City council has postponed the final vote on the controversial Safe Streets Bylaw until the end of August.
On June 14, city council had approved the first three readings of the bylaw, which would allow city bylaw officers to issue $100 tickets for a number of "nuisance" behaviours like panhandling, open drug use and camping in public areas. The final reading of the bylaw, normally just a formality, was slated to go to a vote on Monday night.
Coun. Cori Ramsay proposed the postponement, initially asking for the bylaw to come back to city council on Oct. 4. However, following a successful amendment motion by Coun. Garth Frizzell, the date for the bylaw to return for final reading was set for Aug. 30.

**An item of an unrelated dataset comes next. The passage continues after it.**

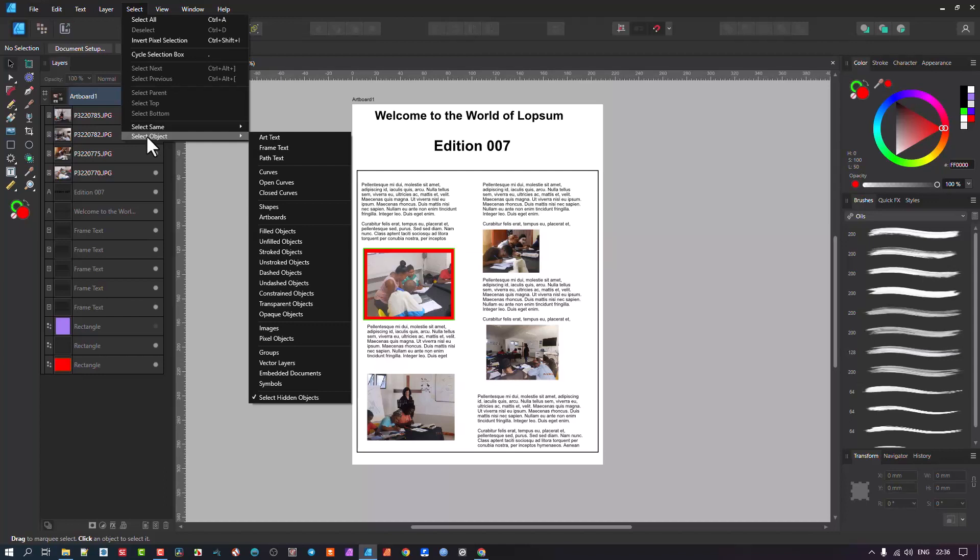Now, you can experiment with it. Maybe you want to multiple select only shapes or artboards or filled objects or so forth. If you look here, you have multiple options.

Council voted six to three in favour of postponing the final reading of the bylaw.
"I think we need to spend more time taking it to our community partners," Ramsay said. "I feel... strongly that policing our way out of this is not a solution."
Coun. Susan Scott said roughly 400 citizens have reached out to city council in emails, letters, a petition, phone calls and in-person conversations on this issue.
"We need to pause and do a little more work," Scott said.
Councillors Murray Krause and Frank Everitt said the bylaw, as proposed, would cause more problems than solutions.
"Fining people is not going to work. I don't believe the courts are going to waste their time with this," Krause said. "We are creating a monster here, in terms of how this is going to be managed."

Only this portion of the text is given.